2016-09-03 02:45:47,909 INFO [main] org.apache.nifi.bootstrap.Command Working Directory: /opt/nifi-1.0.0
2016-09-03 02:45:47,909 INFO [main] org.apache.nifi.bootstrap.Command Command: /usr/lib/jvm/java/bin/java -classpath /opt/nifi-1.0.0/./conf:/opt/nifi-1.0.0/./lib/jul-to-slf4j-1.7.12.jar:/opt/nifi-1.0.0/./lib/nifi-documentation-1.0.0.jar:/opt/nifi-1.0.0/./lib/logback-core-1.1.3.jar:/opt/nifi-1.0.0/./lib/nifi-runtime-1.0.0.jar:/opt/nifi-1.0.0/./lib/slf4j-api-1.7.12.jar:/opt/nifi-1.0.0/./lib/nifi-properties-loader-1.0.0.jar:/opt/nifi-1.0.0/./lib/jcl-over-slf4j-1.7.12.jar:/opt/nifi-1.0.0/./lib/log4j-over-slf4j-1.7.12.jar:/opt/nifi-1.0.0/./lib/bcprov-jdk15on-1.54.jar:/opt/nifi-1.0.0/./lib/nifi-framework-api-1.0.0.jar:/opt/nifi-1.0.0/./lib/nifi-nar-utils-1.0.0.jar:/opt/nifi-1.0.0/./lib/nifi-properties-1.0.0.jar:/opt/nifi-1.0.0/./lib/nifi-api-1.0.0.jar:/opt/nifi-1.0.0/./lib/commons-lang3-3.4.jar:/opt/nifi-1.0.0/./lib/logback-classic-1.1.3.jar -Dorg.apache.jasper.compiler.disablejsr199=true -Xmx512m -Xms512m -Dsun.net.http.allowRestrictedHeaders=true -Djava.net.preferIPv4Stack=true -Djava.awt.headless=true -XX:+UseG1GC -Djava.protocol.handler.pkgs=sun.net.www.protocol -Dnifi.properties.file.path=/opt/nifi-1.0.0/./conf/nifi.properties -Dnifi.bootstrap.listen.port=43343 -Dapp=NiFi -Dorg.apache.nifi.bootstrap.config.log.dir=/opt/nifi-1.0.0/logs org.apache.nifi.NiFi
Access NiFi Web UI
Note: It will take a couple of minutes for NiFi to start up.
The NiFi web UI should be available via http://sandbox.hortonworks.com:9090/nifi. You should see the default canvas:
Add Processors
You add processors to NiFi by dragging the Processor icon from the left icon bar to the canvas. This screenshot shows the Processor icon:
Once you drag the icon to the canvas, you will see the Add Processor dialog box. This screenshot shows the dialog box:
Add GetTwitter Processor
Drag the Processor icon to the canvas. In the Add Processor dialog, enter "twitter" in the Filter box. This will filter the list of processors to show you matching processor names. You should see something similar to this:
Select the GetTwitter processor and click the ADD button. This will add the processor to the canvas. Your canvas should look similar to this:
Configure GetTwitter Processor
Right click on the GetTwitter processor to display the context menu. It should look similar to this:
Click the Configure menu option. This will display the Configure Processor dialog box. It should look similar to this:
Click the Properties tab. You should set the following settings:
Twitter Endpoint -> Set to Filter Endpoint
Consumer Key -> From twitter app
Consumer Secret -> From twitter app
Access Token -> From twitter app
Access Token Secret -> From twitter app
Terms to Filter on -> Set to "nifi,hadoop,hortonworks,elasticsearch"

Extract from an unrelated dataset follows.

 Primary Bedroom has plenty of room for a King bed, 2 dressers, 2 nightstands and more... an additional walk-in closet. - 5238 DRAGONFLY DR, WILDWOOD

Once the settings are correct, click the APPLY button.
Add PutElasticsearch Processor
Drag the Processor icon to the canvas. In the Add Processor dialog, enter "elastic" in the Filter box. This will filter the list of processors to show you matching processor names. You should see something similar to this:
Select the PutElasticsearch processor and click the ADD button. This will add the processor to the canvas. Your canvas should look similar to this:
Configure PutElasticsearch Processor
Right click on the PutElasticsearch processor to display the context menu. It should look similar to this:
Click the Configure menu option. This will display the Configure Processor dialog box. It should look similar to this:
Under Auto Terminate Relationships, check the success box. The failure and retry boxes should not be checked and will be handled via connection later.

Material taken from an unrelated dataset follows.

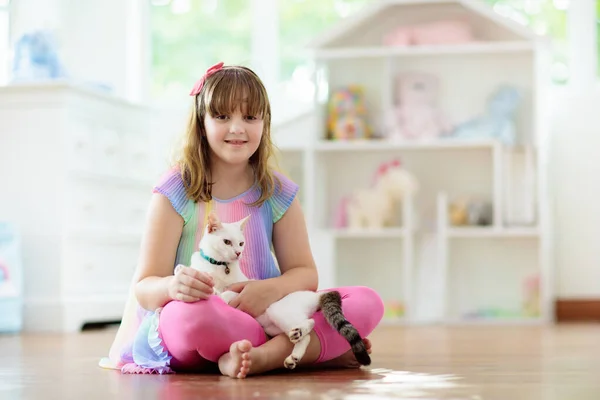 Child playing with cat at home. Kids and pets. Little girl feeding and petting cute white cat. Cats tree and scratcher in living room interior. Children play and feed kitten. Home animals.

Now click the Properties tab. You should see something similar to this:
Set the following settings:
Cluster Name -> Set to elasticsearch (this should match the cluster name in the elasticsearch.yml configuration file)
ElasticSearch Hosts -> Set to sandbox.hortonworks.com:9300 (note the port is 9300, not 9200)
Identifier Attribute -> Set to uuid (this uses a unique id generated by Elasticsearch)
Index -> Set this to twitter (this can be any index name you want, but need to know it for Zeppelin queries)
Type -> Set this to default (we are not using types, so can be any type name you want)
All other settings left at defaults
Once the settings are correct, click the APPLY button.
Connect Processors
Now we need to create a connector between our processors. Hover over the GetTwitter processor. You should see a dark circle with a white arrow in the middle. Drag this icon down over top of the PutElasticearch processor. The Create Connection dialog should open. It should look similar to this:
You can click the ADD button, as you don' t need to make any changes.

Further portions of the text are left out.